To Cut A Long Story Short

Inside Mumbai Terror Attack produced by Miditech Pvt Ltd  premiered worldwide on the National Geographic Channel Network on the first anniversary of the attack on 26th November 2009. Here are some tales that got made during the making of the documentary but rarely got told. 

I remember getting a call from my parents well past midnight on 27th November, 2008. ‘Take a look at the news, Mumbai is being attacked, again!’ The horror had just begun.

Leopold Café where I’d hung out as a fresher in the city was under attack. Victoria Terminus, the train station where I used to get off every morning at 10:15 to take the over-bridge to the Times Of India office had been devastated. Taj and Oberoi were burning. Mumbai looked straight out of a conflict zone on television. For the next two and half days, I didn’t leave the news. Like everyone else in India. And perhaps, the rest of the world!

Three months later, I was staring at one of my most challenging assignments – a documentary on the Mumbai Terror Attacks. Where do I begin? 60 hours of live television. Followed by atleast a years’ investigation and analysis. I had 50 minutes. There was work to do!

For many reasons! This was a dream project - my first film commissioned by the National Geographic Network. Exacting editorial, taut story-telling, a sensitive approach, stiff timelines and most importantly – an unbiased narration of events! Expected of any journalist, but prejudices creep in when you are trying to document something as close to you and as complex as 26/11. Here I was, an Indian, and someone who has lived in and loved Mumbai. Can I pull it off? Thankfully, I had 17 years of Miditech's docu-experience backing me!

It began with miles and miles of newsprint, and conversations with several survivors, victims, cops, analysts and journalists. So many stories, so many people, so many places, so many theories!
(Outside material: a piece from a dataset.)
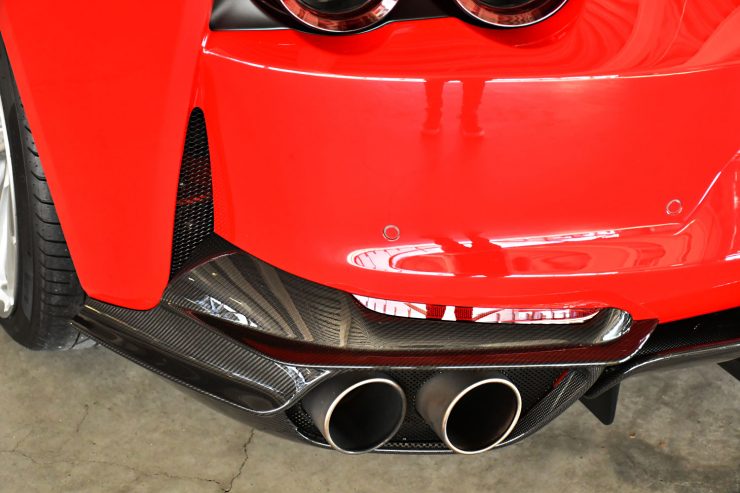 フェラーリ　812　マフラー　ノヴィテック　ノビテック　ローダウン　ダウンサス　ブリリアント　マフラー　カスタム　名古屋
At this point, 2 people became very critical to this film – the Associate Director Ramya Ramamurthy with a brilliant knack of finding people and cracking access, and a Mumbai crime journalist who is easily an Encyclopedia on 26/11. What do you keep? Who do you leave out? That’s when Niret Alva, the creative guide on this project told us, ‘There are 50 ways of narrating the same story. You need to pick yours. And stick with it’. A simple, but brilliant insight!

Soon we found ours – a complete story of the event, told through characters who were inside the action - the fisherman who saw the terrorists come ashore, an American couple who witnessed the shooting in 2 venues, a banker who came face to face with the attackers as he was taken hostage, a mother whose daughter was shot next to her, the police officer who first fired at them, security officials that engaged the terrorists, experts in defence analysis.

But what would be the tone of our film? It’s a fine line that divides an eye-witness account from that of a voyeur. The difference between empathy from schmaltz. We took a conscious decision to not dwell on people’s pain. We’d rather they ponder on the ‘What Ifs’ of their split-second decisions. Because often, that was the difference between life and death!

Our base was soon ready. We had found our stories, and our people. It was now time to connect the dots. But how do you re-create the attack all over again? We had hit a roadblock with the Taj, who didn’t want painful memories dredged up again for a film. We also had to contend with Mumbai’s monsoons – how do you match Mumbai in November with the wet Mumbai of July? That’s when I met AshishShukla, a young, passionate & aspiring feature film-maker in Mumbai. He had answers. So did someone I had worked with in the past – Hemant Bhalla, the DOP of the film.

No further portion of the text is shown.